Maurizio Giordani (photo Maurizio Giordani)
Maurizio Giordani (photo Maurizio Giordani)

SKARDU, Pakistan – “Roccia verticale, incrostata di ghiaccio, a una quota considerevole…non certo banale”. Con queste parole Maurizio Giordani descrive la parete dell’Uli Biaho, torre di 6109 metri nel Gruppo del Trango, su cui i Ragni di Lecco Matteo della Bordella e Luca Schiera insieme allo svizzero Silvan Schupbach hanno aperto una via nuova nei giorni scorsi. Giordani è stato protagonista insieme a Rosanna Manfrini, Maurizio Venzo e Kurt Walde della seconda salita assoluta della montagna nel 1988: ecco cosa ci ha detto di quella torre e di quella salita, forse ingiustamente trascurata.

La via di Della Bordella, Schiera e Schupbach sale sulla parete Ovest, è lunga 18 tiri, di cui 1 in artificiale, 15 nuovi e 3 finali sullo spigolo Sud già salito da Giordani e soci. Il grado di difficoltà è valutato 6a/6b e potrebbe “essere considerata come la via normale dell’Uli Biaho, visto che gradi alla mano è l’itinerario più accessibile tracciato sulla montagna”. Queste sostanzialmente le informazioni pubblicate sul sito dei Ragni e attualmente conosciute, dal momento che non è stato ancora possibile contattare i protagonisti della salita direttamente sul satellitare.

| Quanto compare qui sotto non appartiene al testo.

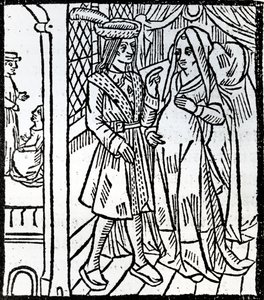 Pathelin en Guillemette, uit De Farce van Meester Pierre Pathelin, ca. 1465 door French School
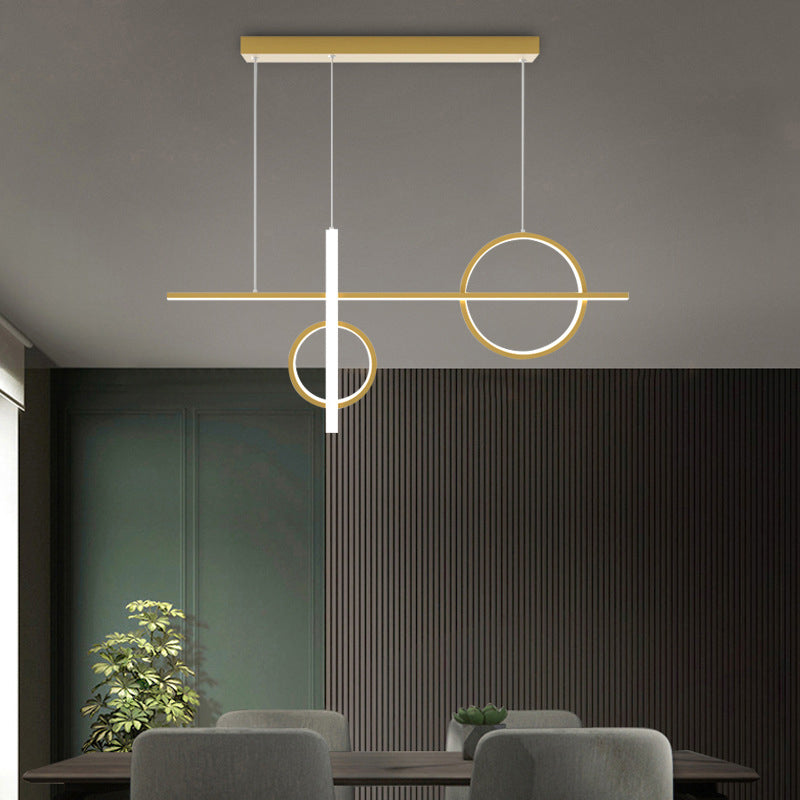 Modernism 4-Light Golden/Black Ceiling Light Metal Island Lighting for Dining Room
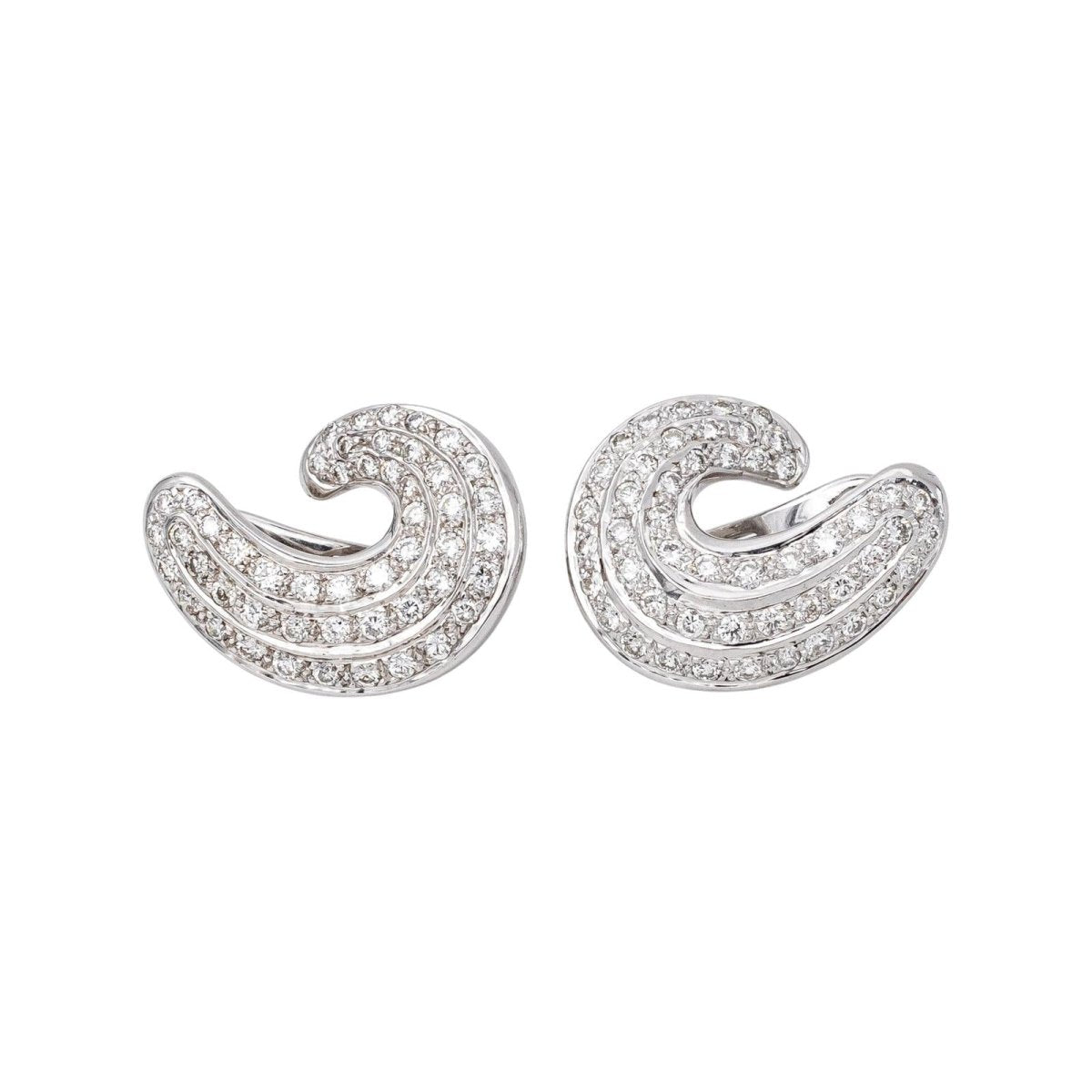 Boucles d'oreilles Or blanc Diamant - Castafiore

Nel frattempo però siamo riusciti a raggiungere Maurizio Giordani, straordinario alpinista ed esploratore trentino, uno dei nomi più importanti dell’alpinismo nostrano, con un lunghissimo e variegato curriculum sulle montagne dei 5 continenti. A lui abbiamo fatto qualche domanda sulla sua salita e su quella montagna, poco battuta dagli alpinisti e poco conosciuta ai più.

Com’è la parete che hanno salito i ragazzi?
La parete che hanno salito è oltre lo spigolo e non ne ho conoscenza. Noi non ci siamo spinti fin la. Si tratta comunque di roccia verticale, incrostata di ghiaccio, a una quota considerevole… non certo banale.

Che ricordo hai di quella montagna e di quella spedizione?
Ci siamo stati nel 1988, quando la montagna era stata salita una sola volta, dagli americani. Avevamo quasi tutta la parete a disposizione ed abbiamo scelto di salire il pilastro più attraente e solare, anche se il freddo e il ghiaccio non ci hanno risparmiati.

All’epoca se n’era parlato della vostra salita? Voglio dire, rispetto ad oggi, era “passato” nel mondo alpinistico il valore dell’impresa?
La salita è stata presa in considerazione nei libri più importanti sullo stile alpino in Himalaya ma non c’era internet e quindi la notizia è uscita prevalentemente su qualche rivista italiana. Pensa che in quei giorni ho salito in solitaria la vetta della Grande Torre di Trango ma non si sa molto, oggi, di questo.

Ti fa piacere che altri italiani siano tornati su quella montagna?
Certo. Mi fa molto piacere sapere che vi è ancora qualcuno assetato di vera avventura. E Matteo è uno di questi…

Dovendo suggerire un altro obiettivo alle nuove generazioni, qual è il primo che ti viene in mente senza pensarci?
Io sono sempre stato attratto da montagne poco conosciute, dalle forme slanciate… torri di roccia, pareti ripide, montagne difficili. È qui che c’è l’avventura più bella…

 

I Ragni di Lecco, David Bacci e Silvan Schupbach sfrutteranno gli ultimi giorni in Karakorum su altre pareti: secondo le intenzioni, Della Bordella e Bacci proveranno a salire “Eternal Flame”, una delle vie più famose della zona che sale sulla Torre di Trango, mentre Schiera e Schupbach tenteranno di aprire una via nuova.